**Task to complete**
Filter the records below for the word "Team". Keep each line that has it.
══ Supplied records ══
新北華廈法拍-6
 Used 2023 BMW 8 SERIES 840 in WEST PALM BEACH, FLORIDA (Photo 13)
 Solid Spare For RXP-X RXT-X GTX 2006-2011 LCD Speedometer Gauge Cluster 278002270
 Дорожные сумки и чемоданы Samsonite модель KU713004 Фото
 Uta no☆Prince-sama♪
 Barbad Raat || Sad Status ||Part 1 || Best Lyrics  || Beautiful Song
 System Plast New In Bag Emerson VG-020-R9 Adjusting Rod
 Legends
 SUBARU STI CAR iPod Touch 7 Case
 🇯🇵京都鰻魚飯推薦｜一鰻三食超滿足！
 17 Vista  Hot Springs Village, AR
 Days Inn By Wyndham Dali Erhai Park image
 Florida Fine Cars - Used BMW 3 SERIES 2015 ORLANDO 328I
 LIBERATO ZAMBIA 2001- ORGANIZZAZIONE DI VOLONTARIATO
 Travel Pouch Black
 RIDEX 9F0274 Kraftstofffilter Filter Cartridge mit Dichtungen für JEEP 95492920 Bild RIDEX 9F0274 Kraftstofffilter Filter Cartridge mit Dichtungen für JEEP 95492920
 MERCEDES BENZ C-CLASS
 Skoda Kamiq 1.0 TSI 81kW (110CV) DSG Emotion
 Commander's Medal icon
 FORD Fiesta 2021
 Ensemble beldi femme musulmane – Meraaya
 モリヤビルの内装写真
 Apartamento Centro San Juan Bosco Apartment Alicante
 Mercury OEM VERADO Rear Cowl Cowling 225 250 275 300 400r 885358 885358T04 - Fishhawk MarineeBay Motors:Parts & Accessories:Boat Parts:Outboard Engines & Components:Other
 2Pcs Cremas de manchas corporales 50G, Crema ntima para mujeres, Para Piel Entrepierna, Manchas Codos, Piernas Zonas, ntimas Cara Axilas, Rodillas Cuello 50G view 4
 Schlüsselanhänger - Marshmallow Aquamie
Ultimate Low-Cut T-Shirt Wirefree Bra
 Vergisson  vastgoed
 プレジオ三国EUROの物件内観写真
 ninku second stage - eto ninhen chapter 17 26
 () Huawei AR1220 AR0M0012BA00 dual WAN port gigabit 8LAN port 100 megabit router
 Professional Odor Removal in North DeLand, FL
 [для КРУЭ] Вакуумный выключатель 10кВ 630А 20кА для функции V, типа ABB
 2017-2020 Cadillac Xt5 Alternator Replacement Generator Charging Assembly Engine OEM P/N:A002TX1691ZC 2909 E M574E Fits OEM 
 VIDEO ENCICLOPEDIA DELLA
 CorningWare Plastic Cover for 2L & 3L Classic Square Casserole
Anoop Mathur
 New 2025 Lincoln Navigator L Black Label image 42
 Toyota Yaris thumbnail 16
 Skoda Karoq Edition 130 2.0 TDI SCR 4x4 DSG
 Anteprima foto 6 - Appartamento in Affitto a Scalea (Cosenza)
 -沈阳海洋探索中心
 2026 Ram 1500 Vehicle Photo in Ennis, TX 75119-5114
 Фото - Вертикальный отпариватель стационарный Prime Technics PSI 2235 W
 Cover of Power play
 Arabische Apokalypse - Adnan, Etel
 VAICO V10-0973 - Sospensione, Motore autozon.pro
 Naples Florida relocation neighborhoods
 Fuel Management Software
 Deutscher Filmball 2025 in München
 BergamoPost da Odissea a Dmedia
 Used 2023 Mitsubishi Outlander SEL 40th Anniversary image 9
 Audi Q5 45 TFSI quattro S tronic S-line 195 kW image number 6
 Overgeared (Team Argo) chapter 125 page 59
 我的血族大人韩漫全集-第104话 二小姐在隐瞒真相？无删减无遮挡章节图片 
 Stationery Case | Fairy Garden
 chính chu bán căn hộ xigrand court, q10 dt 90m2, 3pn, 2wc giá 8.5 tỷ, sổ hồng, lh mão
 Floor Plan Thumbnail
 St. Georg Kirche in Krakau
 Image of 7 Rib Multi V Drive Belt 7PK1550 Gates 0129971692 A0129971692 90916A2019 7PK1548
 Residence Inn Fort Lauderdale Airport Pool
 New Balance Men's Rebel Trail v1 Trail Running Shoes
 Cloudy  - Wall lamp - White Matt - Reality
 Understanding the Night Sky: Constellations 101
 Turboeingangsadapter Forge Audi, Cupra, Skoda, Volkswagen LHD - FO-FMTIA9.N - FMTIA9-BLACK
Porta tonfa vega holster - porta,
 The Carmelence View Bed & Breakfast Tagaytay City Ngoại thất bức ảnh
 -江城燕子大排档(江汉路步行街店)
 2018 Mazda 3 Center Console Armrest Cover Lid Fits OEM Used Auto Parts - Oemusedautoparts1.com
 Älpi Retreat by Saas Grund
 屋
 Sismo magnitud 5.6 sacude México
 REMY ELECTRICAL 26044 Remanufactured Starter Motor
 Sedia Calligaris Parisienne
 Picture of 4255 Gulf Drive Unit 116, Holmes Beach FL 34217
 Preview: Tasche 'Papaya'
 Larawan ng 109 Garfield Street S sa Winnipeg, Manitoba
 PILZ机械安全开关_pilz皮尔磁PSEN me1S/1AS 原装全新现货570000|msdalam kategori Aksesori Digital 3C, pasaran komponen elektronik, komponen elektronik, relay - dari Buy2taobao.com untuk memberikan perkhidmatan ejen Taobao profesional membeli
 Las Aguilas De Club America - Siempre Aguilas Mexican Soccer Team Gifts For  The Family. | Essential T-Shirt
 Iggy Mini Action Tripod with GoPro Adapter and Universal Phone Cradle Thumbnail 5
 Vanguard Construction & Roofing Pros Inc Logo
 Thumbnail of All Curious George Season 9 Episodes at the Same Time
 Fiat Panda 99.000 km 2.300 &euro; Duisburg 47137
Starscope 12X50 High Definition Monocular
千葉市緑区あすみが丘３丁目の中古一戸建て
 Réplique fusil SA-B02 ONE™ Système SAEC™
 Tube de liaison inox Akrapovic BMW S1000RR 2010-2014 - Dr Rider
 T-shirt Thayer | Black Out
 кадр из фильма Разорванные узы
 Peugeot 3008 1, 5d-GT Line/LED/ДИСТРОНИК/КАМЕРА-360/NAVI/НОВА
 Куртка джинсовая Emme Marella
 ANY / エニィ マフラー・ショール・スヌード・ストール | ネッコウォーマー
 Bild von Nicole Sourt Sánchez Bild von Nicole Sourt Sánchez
═══
**Exercise response**
 Overgeared (Team Argo) chapter 125 page 59
 Las Aguilas De Club America - Siempre Aguilas Mexican Soccer Team Gifts For  The Family. | Essential T-Shirt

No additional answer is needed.